What do you think? Is it times for Apple to send iTunes to the software graveyard?


  • How gullible are we dealing the totalitarian company Apple Inc. Why use their music rental company when there are so many places selling music you can own. Or even free.

    Some Apple itunes users wake up and find their some all or all of their itunes are missing.

    Frankly you get what you get when you deal with the world’s most disgraceful company.

    Use YouTube – its free, and they give the artist a more fair royalty.

      • This I would like. Having to install iTunes on various computers around the country at work is annoying and always seems to invite people to attempt to shuffle their music around between devices…

        • And, for IT admins, it would make life easier.

          If I user presents with a borked iPhone, they can take it to tech support who could factory reset it, set it up using an MDM tool and then hand it to the user who could put their photos, apps and media back from their iCloud (or other) backup.

  • Agree that iTunes is a dog (which is insulting to dogs) although it does seem to perform better than it did about a year ago.

    However I still need some way to do local backups of my iPad Pro, which has 256GB of storage.

    iTunes is currently the only way to do a full local back up and restore of an iPad on a desktop computer. The third party solutions still require an iTunes installation.

    Ideally Apple would allow third parties to make their own back up and restore solutions. If only I could back up to my Lighting thumb drive…

    I do not use iCloud. It is overpriced and dysfunctional. It would be preferable for me to backup to OneDrive, as I already have 1TB storage with my Office 365 subscription.

    However backing up 256GB over wifi is not really practical in Australia.

  • What about older Ipod’s, can the content on those be managed by other software. I still use and old 32gb classic for exercising with as it still works fine, is smaller and lighter to carry than my massive smartphone.

    • In my article, I noted that a music only app, for man ageing music libraries would be a good idea. Apple could license the ability to sync older iPods (third party tools let you access content on older iPods and movie data on and off them) or just make it a function of the music-only application.

  • Not until they integrate smart playlists into their music app. That’s what (IMHO) made iTunes the killer music app years ago and it still makes such a difference to how I listen to my music. Granted, many people just use a pre-defined playlist but I love how I can slice and dice my music (and music I download from Apple) with them.

  • So instead of one application that covers music, movies, books, podcasts, device management, backups, etc, you want users to have to download 6 separate applications most of which, by necessity, will be sharing a chunk of code and functionality?

    • Actually – I doubt people will want all six. There are lots of people that use 0 apps with iOS devices. As it stands, there are lots of alternatives for managing all the different types of media and many are better than iTunes. The only thing iTunes is really needed for is restoring a stuffed up iOS device.

  • I still use iTunes for media and backup management.
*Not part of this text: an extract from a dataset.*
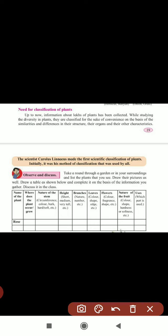Next column is the nature of the stem — its circumference, color, whether bark is present, hard or soft. Next, height — whether it is short, medium, or very tall. Next, branches — write the number: four, five, or if many, write 'many'. Next, leaves — color, shape, and age. That also you have to write.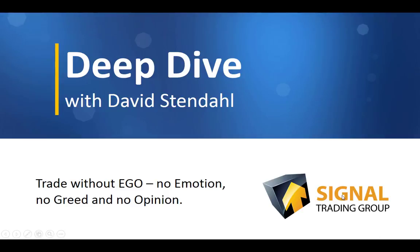Deep Dive with David Stendhal, where we trade without ego, no emotion, no greed, no opinion.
Granted, I don’t like it as much as the next person, but does encrypted restores nicely and doesn’t cost anything for cloud storage.

    Pros and cons there; leveraging off iCloud means your backups are easier but you pay for that privilege.
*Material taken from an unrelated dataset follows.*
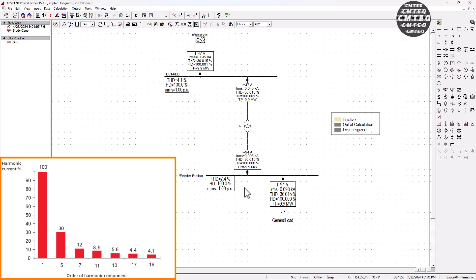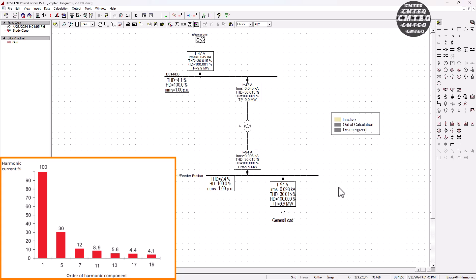That's it, guys. Now you know how the generator short circuit current can influence the THD in your power system harmonics analysis. If this explanation helped you, please make sure you give this tutorial a thumbs up and subscribe to SimTech channel. Until next time, cheers. Peace!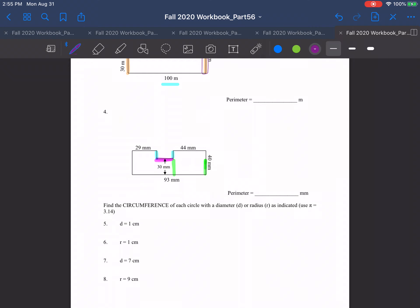The last part here is finding the circumference of each circle with a given diameter or radius. The circumference is basically the perimeter of a circle. The circumference of a circle equals two pi times the radius: C = 2πr. Two times r is the diameter, so we can also write this as C = πD. They told us to use 3.14 for pi, so C = 2 × 3.14 × r, which also equals 3.14 × D.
    I also like managing my camera roll, regularly copying pictures to my NAS and retaining those pictures on the device; something I still need a PC for.

  • With Telstra who gave me a free subscription to Apple Music which I don’t use and after a weird glitch with my Apple ID or iTunes (happened after restoring to a new phone) all of my playlists were lost. I have left the Apple ecosystem completely and like the Spotify playlists that the app presents me. One other factor was that I purchased Alexas around the house and Spotify works nicely with them. The other thing was how terrible the app has been (Win 10 OS). Constantly crashing and constantly asking for my password – buggy as hell. It is a dog.